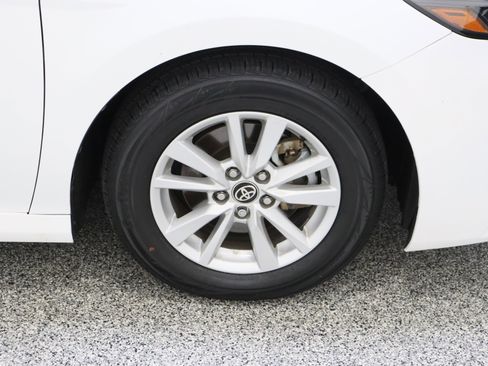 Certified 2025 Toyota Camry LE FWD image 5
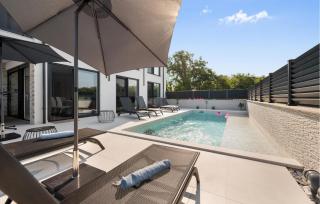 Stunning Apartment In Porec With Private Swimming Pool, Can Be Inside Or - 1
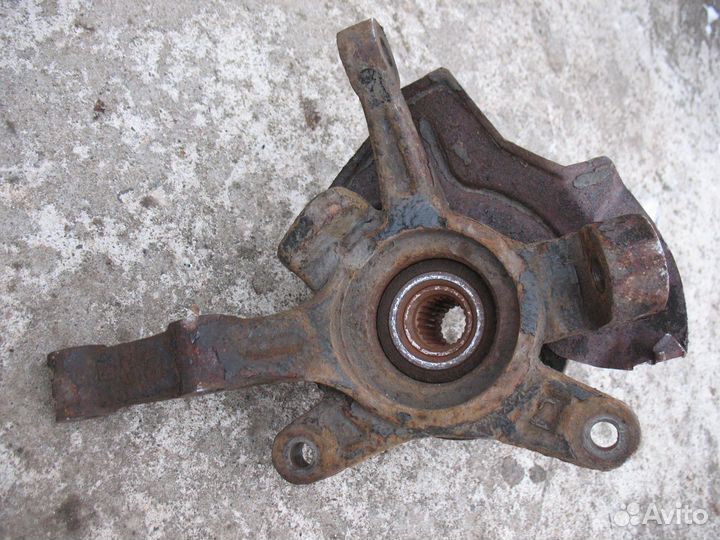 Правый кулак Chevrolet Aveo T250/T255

# # # # #

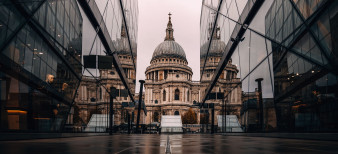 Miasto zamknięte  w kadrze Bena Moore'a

# # # # #

## About this exercise
What is needed is an exact copy of the lines above from the one with "Certified 2025 Toyota Camry LE FWD image 5" to the one with "Правый кулак Chevrolet Aveo T250/T255", both ends kept, and nothing more; please leave the pictures out.

## Response to the exercise
 Certified 2025 Toyota Camry LE FWD image 5
 Stunning Apartment In Porec With Private Swimming Pool, Can Be Inside Or - 1
 Правый кулак Chevrolet Aveo T250/T255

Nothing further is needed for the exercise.